The International Sustainability Standards Board (ISSB) has released its first two finalized standards, marking a significant milestone in global reporting for ESG investors. These standards provide a framework for companies to report on and disclose their climate and sustainability practices. This development is a culmination of 18 months of work and aims to establish a uniform and comprehensive global baseline for sustainability disclosures, addressing a long-standing demand from investors.
The two frameworks, known as IFRS S1 for sustainability reporting and IFRS S2 for climate reporting, represent a new era of ESG reporting and disclosures in capital markets. ESG, which stands for environmental, social, and governance, has become a prominent factor for investors when evaluating companies. It has gained widespread recognition and popularity, with an estimated $41 trillion in global ESG assets projected for 2022 and $50 trillion by 2025, according to Bloomberg.

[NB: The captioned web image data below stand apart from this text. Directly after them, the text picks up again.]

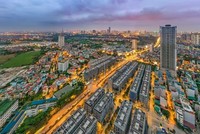 Bất động sản nhà ở dẫn dắt hoạt động phát hành trái phiếu năm 2025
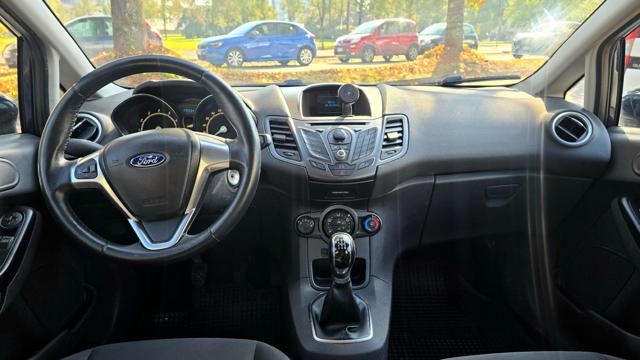 FORD FIESTA 1.4 TITANIUM GPL OK NEOPATENTATI - foto 17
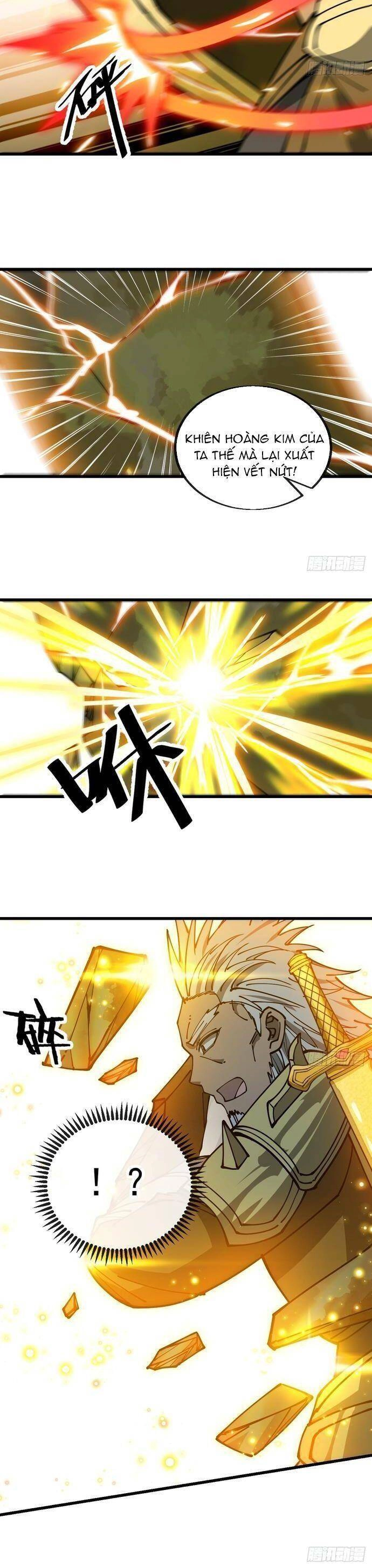 Ta Không Phải Con Cưng Của Khí Vận Chapter 161 - 3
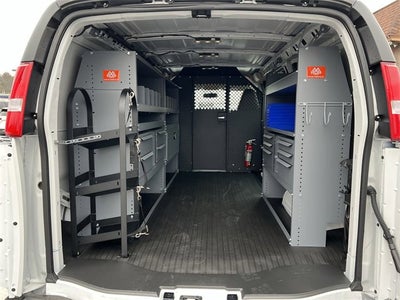 2025 Chevrolet Express Cargo 2500 WT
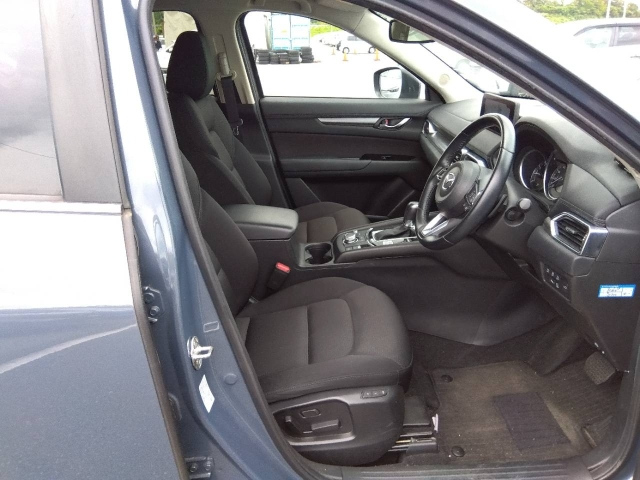 MAZDA CX-5 2022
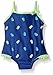 Tommy Bahama Girls' Infant One Piece Pineapple Swimsuit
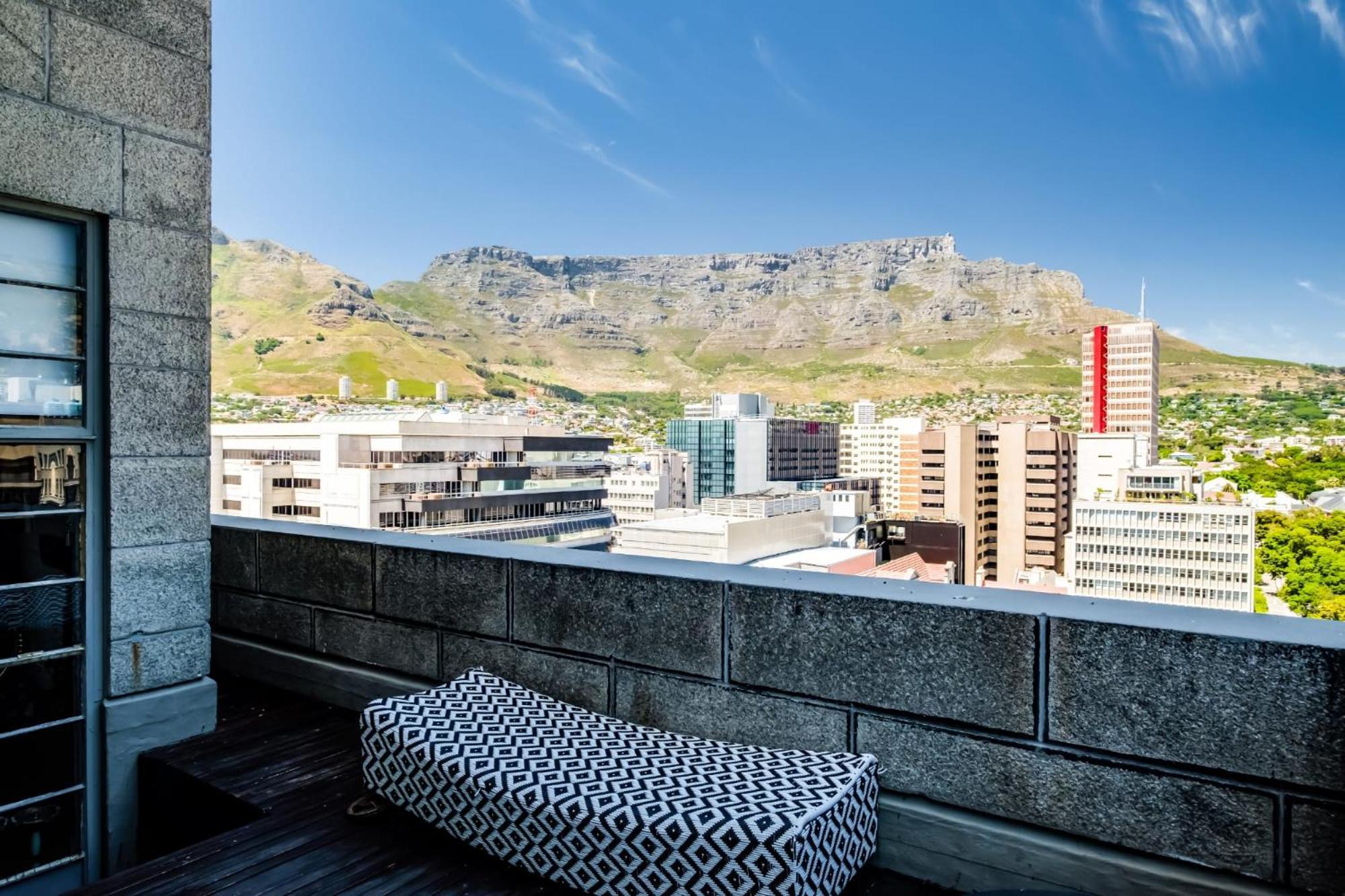 Apartment Splendid Art Deco Loft In The Heart Of Cape Town
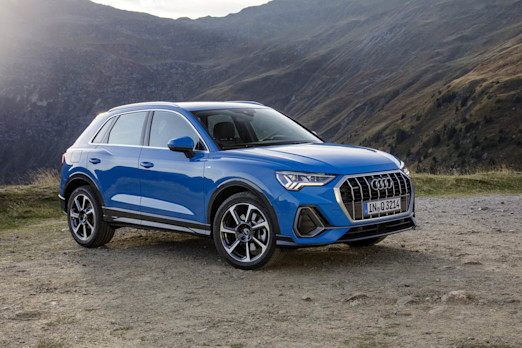 Audi RS Q3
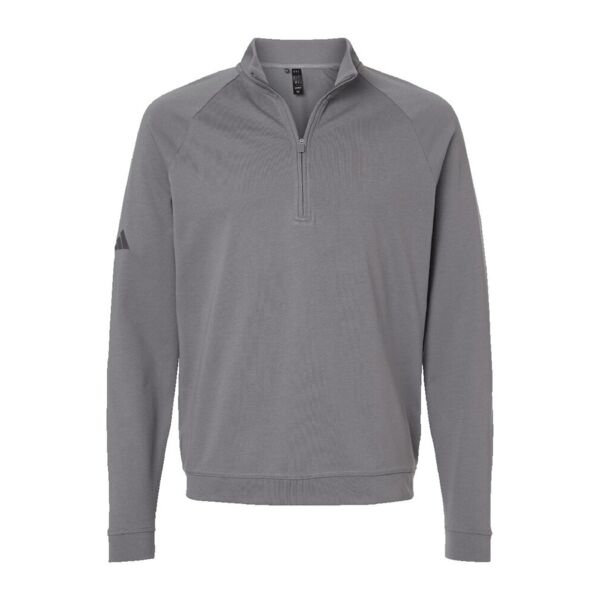 Men's Club Quarter-Zip Pullover Vignette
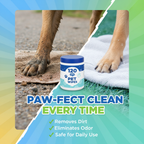 Pet Wipes - Paw Clean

However, the ESG market has been marred by the issue of greenwashing, where companies misrepresent their ESG products. This has raised concerns among both companies and investors. The ISSB aims to address this issue by publishing long-awaited ESG reporting standards. These standards will influence the information companies include in their financial reports, encouraging them to reflect ESG risks. They build upon existing standards and frameworks, such as the Climate Disclosure Standards Board (CDSB), Task Force on Climate-related Financial Disclosures (TCFD), Value Reporting Foundation’s Integrated Reporting Framework, and industry-based guidance from the Sustainability Accounting Standards Board (SASB).
One significant aspect of the ISSB standards is that they require companies to provide ESG information alongside their financial statements within the same reporting documents. This creates a common language for companies to disclose the climate-related risks and opportunities they face. Previously, the lack of a global baseline for ESG reporting made it challenging for investors to compare companies accurately.

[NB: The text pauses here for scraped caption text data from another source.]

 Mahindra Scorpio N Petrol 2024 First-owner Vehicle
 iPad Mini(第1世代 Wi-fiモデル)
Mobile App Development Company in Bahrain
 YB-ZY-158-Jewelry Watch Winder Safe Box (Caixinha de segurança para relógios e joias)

Under the ISSB climate standards (IFRS S2), companies will need to determine their greenhouse gas (GHG) emissions, including all sources, and disclose the amount and percentage of assets or activities prone to climate-related risks. They will also be required to report on their capital expenditure related to climate risks and opportunities, disclose their use of internal carbon pricing, and report on climate-related targets.
The ISSB sustainability standards (IFRS S1) mandate that companies report information significant to financial prospects that may impact investment decisions. They must also discuss how they identify and monitor sustainability-related risks and explain their governance processes for tracking these risks.

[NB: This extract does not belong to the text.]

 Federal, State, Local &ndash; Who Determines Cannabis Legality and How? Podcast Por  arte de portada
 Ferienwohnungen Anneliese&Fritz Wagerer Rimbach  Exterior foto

The new ISSB standards align with the concepts underlying the IFRS Accounting Standards, which are required by 140 jurisdictions worldwide. This establishes a truly global baseline for sustainability reporting. While the European Union has already initiated its own standard-setting activities, the US Securities and Exchange Commission is still working on implementing regulations to ensure businesses disclose their carbon emissions. The SEC currently requires companies to report on their absolute carbon emissions, including scope 3 emissions.
During the finalization of the ESG reporting standards, the ISSB considered over 1,400 comment letters. One significant feedback received pertained to scope 3 emissions, which pose a challenge for many companies. Scope 3 emissions require corporations to map their entire value chain to report on their emissions. In response to this concern, the ISSB has granted companies an additional year to report on their scope 3 information and provided support and guidance for measuring and reporting these emissions.
Companies will be able to start applying the final version of the ISSB reporting standards next year. This means that the first reports using these frameworks will be available to investors in 2025. It will be up to individual countries to decide whether to make the ISSB standards mandatory. Ultimately, these global standards aim to enhance trust and confidence in companies’ climate and sustainability disclosures, enabling informed investment decisions.